If you are prepared that there might be issues and you may have to fall back to proprietary drives then there are certainly savings to be had by trying this kind of drive. If you need to go by the book and have someone else to blame if there is an issue then you may be more comfortable with the traditional and sticking to offically supported drives.

JamesRyan
  • 8,138
  • 2
  • 24
  • 36
  • I've always found the "validation/custom firmware" argument hard to swallow, for low end commodity servers like the poster has. The corollary to that is that, for instance, LSI doesn't test its controllers with seagate OEM enterprise hard drives. – Dan Pritts Dec 05 '14 at 20:33
2

I'll play devil's advocate here.

If you are considering name-brand ENTERPRISE GRADE drives, with appropriate specifications, then in general they will be fine in commodity x64 servers.
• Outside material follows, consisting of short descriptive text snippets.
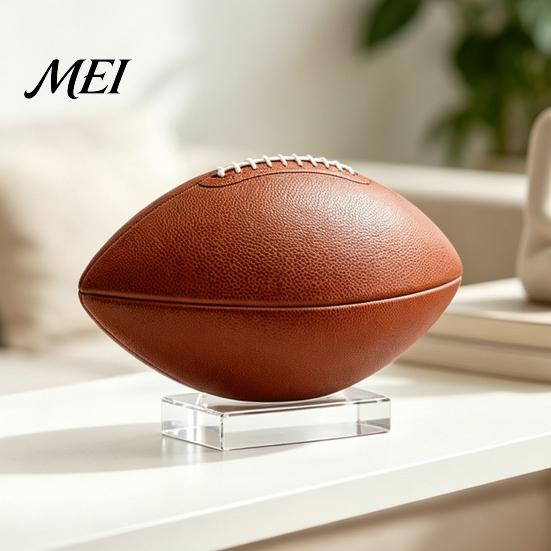 Sports Memorabilia Showcase Rack 2/4Pcs Acrylic Football Display Stand, Clear Signed Rugby Ball Holder, Stand for Fan Room Decoration Desktop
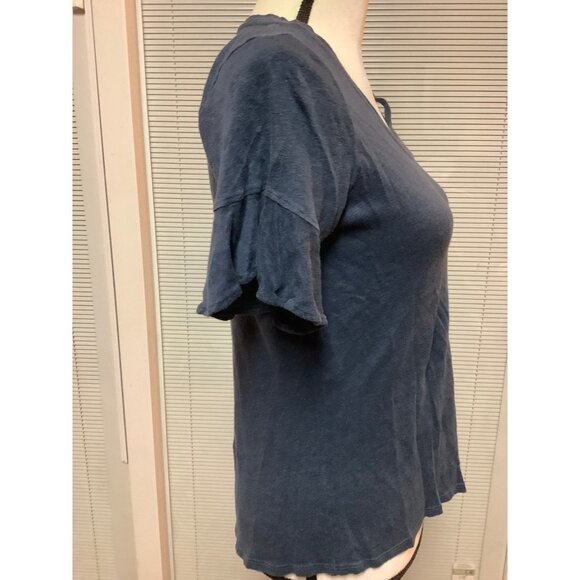 Red Haute Blue Linen Ruffle Sleeve Top -- NWT -- XS - Picture 5 of 10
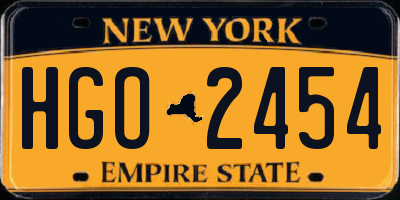 NY license plate HGO2454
If you are considering CONSUMER GRADE drives, you are taking your chances.

Other posters and commenters have explained the difference in quality and performance between enterprise grade and consumer grade SSD's.

For magnetic disks, there's one big thing to know about. Consumer drives might "stall" occasionally when trying really hard to read an iffy sector. This is the right behavior for a standalone consumer drive. It's not the right behavior when using a RAID controller - it will cause the controller to fail the drive. This is the purpose of "RAID edition" drives. In general, Enterprise-branded drives will work well.
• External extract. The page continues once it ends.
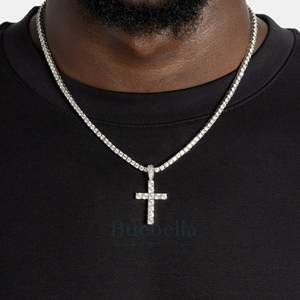 Pendentif croix Vvs Moissanite Gemstone avec argent sterling 925 plaqué or blanc 14k Style Hiphop plaqué or pour breloques de fête - Product Image 2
You also have to consider the consequences of drive failure. Are there life/safety implications? Huge financial penalties? In those cases playing it safe with the Dell drive may be the right call. I"m guessing in your case there aren't, but think about the big picture.

Dan Pritts
  • 3,181
  • 25
  • 27
0

OEMs test some drives (or change the firmware slightly and get them rebranded as theres) with there servers, and that can give you piece of mind. I typically use regular drives in my servers, and have come across a couple of issues - Using drives > 2tb in an HP system didn't work, and using regular consumer grade drives in an Intel server was excruciatingly slow - swapping these out for server class drives and drives < 2tb fixed my problems.

Note that we don't rely on our suppliers for much support after we have purchased our systems - I'd imagine that vendors might try and not support systems "which don't have their drives", but there policys no-doubt vary.

davidgo
  • 5,964
  • 2
  • 21
  • 38
  • Your HP issue was probably a controller firmware problem. Most modern HP systems (2006 and beyond) should be able to address 2TB+ disks. – ewwhite Dec 05 '14 at 20:58
  • Quite probably. We just banged 2tb disks in it when we worked out what was going on (It was a while ago, so I can't recall what happened - I think the drives appeared to work, but very slowly or something along those lines). – davidgo Dec 05 '14 at 21:17
0

My company has three datacenters. They bought drives from Newegg and stuck them in one of the Dell servers to see what would happen. It's been fine for two years.

The only problem is that they can't reboot it remotely. If you reboot it it stays stuck on its POST screen until you clear the warnings complaining that it doesn't have real Dell drives in it.